→ **Supplied information**:
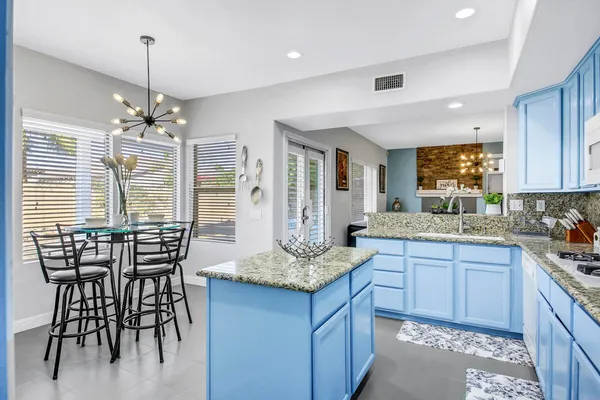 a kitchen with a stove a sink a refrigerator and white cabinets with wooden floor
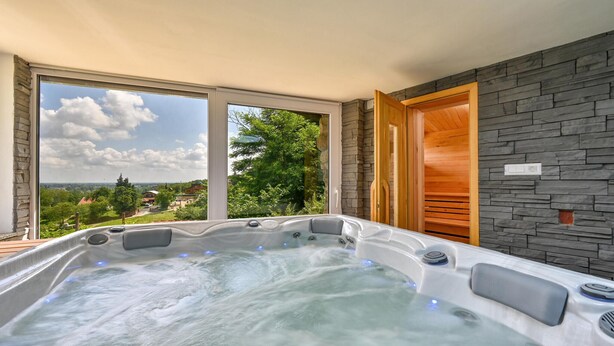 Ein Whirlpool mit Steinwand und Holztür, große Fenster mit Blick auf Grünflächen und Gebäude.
---
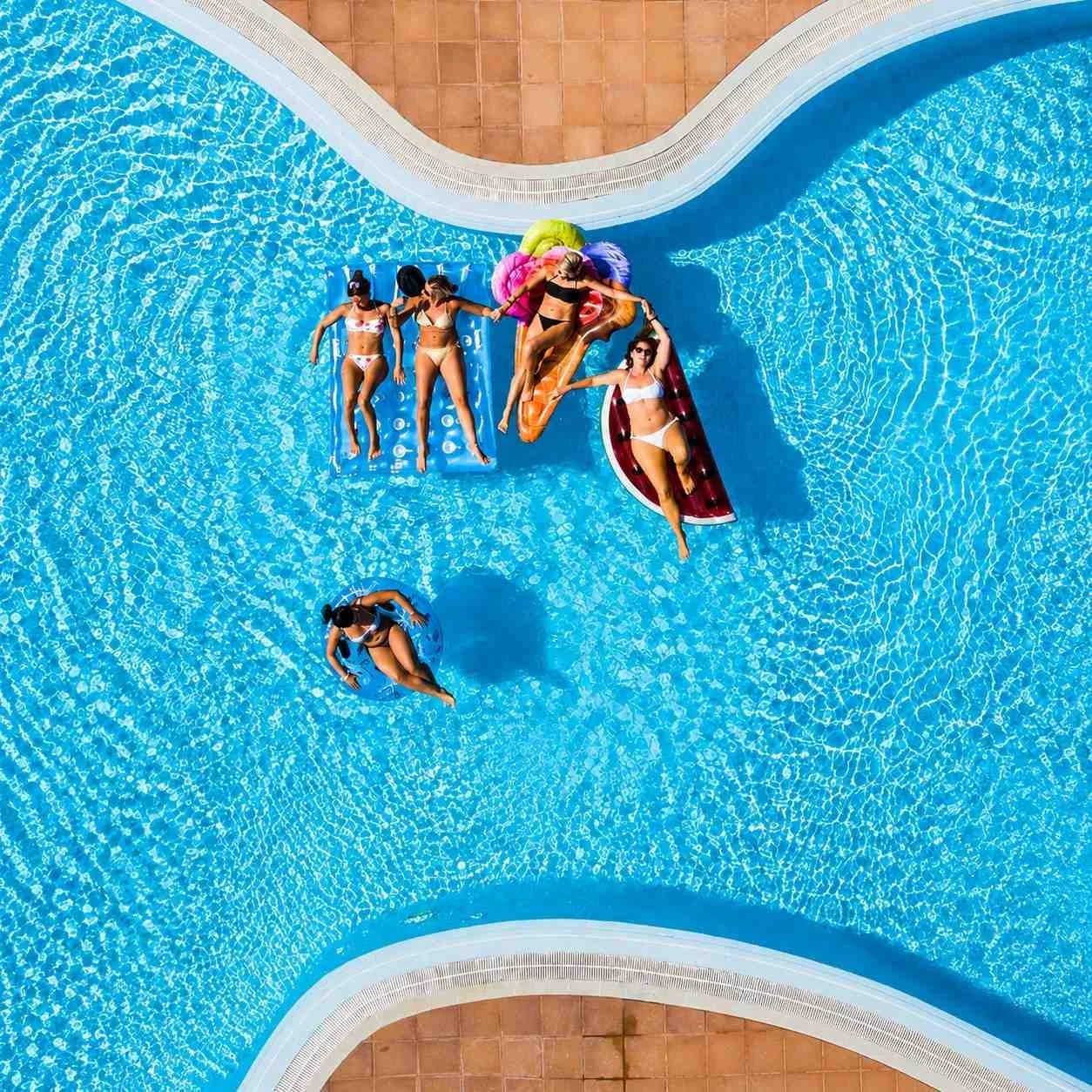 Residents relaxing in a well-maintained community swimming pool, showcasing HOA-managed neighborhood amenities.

→ **What is needed**: Give back the exact lines above, running from the one that has "a kitchen with" through the one that has "Ein Whirlpool mit", with nothing added and no pictures.

→ **Solution to the problem**:
 a kitchen with a stove a sink a refrigerator and white cabinets with wooden floor
 Ein Whirlpool mit Steinwand und Holztür, große Fenster mit Blick auf Grünflächen und Gebäude.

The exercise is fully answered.